What you should do ▸ For the material below, return exactly the lines starting at the one holding "2946 Ellwood Avenue, Berkley, MI 48072" and ending at the one holding "METALCAUCHO Trichter, Ölpeilstab", counting both as part of the range.

Excerpted records ▸
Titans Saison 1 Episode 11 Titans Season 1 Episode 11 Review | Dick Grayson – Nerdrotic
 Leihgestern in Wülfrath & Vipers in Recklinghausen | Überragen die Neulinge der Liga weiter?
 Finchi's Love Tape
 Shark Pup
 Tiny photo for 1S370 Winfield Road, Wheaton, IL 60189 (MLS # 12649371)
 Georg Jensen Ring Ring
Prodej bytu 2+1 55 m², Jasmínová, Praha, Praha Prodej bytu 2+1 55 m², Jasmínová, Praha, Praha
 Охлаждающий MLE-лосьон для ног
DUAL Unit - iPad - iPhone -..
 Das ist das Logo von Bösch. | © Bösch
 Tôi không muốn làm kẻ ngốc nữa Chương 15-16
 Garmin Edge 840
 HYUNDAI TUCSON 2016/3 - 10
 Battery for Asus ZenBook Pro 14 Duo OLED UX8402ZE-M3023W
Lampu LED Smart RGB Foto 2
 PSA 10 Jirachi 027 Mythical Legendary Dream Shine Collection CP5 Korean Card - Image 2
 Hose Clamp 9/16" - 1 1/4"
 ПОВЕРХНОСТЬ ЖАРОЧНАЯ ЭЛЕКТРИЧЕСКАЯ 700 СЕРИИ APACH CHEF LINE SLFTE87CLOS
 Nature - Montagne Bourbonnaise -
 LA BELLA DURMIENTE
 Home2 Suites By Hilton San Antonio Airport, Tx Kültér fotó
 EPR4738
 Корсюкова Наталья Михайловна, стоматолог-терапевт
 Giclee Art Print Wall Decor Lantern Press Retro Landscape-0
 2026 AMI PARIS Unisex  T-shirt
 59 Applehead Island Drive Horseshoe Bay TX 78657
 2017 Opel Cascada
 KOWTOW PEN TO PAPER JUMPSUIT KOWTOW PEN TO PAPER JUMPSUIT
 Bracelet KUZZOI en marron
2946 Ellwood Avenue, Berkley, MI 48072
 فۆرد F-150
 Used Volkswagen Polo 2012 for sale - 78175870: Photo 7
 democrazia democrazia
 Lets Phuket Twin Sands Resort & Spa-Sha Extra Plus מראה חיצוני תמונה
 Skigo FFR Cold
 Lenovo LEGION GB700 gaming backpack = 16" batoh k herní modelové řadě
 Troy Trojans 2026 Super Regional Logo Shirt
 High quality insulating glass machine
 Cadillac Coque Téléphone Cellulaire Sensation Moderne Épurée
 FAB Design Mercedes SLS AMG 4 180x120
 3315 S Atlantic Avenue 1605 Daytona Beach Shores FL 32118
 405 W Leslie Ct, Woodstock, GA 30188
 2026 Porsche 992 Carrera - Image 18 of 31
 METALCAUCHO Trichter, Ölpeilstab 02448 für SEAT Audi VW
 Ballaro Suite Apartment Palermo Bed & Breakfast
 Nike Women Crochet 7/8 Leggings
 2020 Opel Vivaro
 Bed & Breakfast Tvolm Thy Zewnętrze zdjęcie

Worked solution ▸
2946 Ellwood Avenue, Berkley, MI 48072
 فۆرد F-150
 Used Volkswagen Polo 2012 for sale - 78175870: Photo 7
 democrazia democrazia
 Lets Phuket Twin Sands Resort & Spa-Sha Extra Plus מראה חיצוני תמונה
 Skigo FFR Cold
 Lenovo LEGION GB700 gaming backpack = 16" batoh k herní modelové řadě
 Troy Trojans 2026 Super Regional Logo Shirt
 High quality insulating glass machine
 Cadillac Coque Téléphone Cellulaire Sensation Moderne Épurée
 FAB Design Mercedes SLS AMG 4 180x120
 3315 S Atlantic Avenue 1605 Daytona Beach Shores FL 32118
 405 W Leslie Ct, Woodstock, GA 30188
 2026 Porsche 992 Carrera - Image 18 of 31
 METALCAUCHO Trichter, Ölpeilstab 02448 für SEAT Audi VW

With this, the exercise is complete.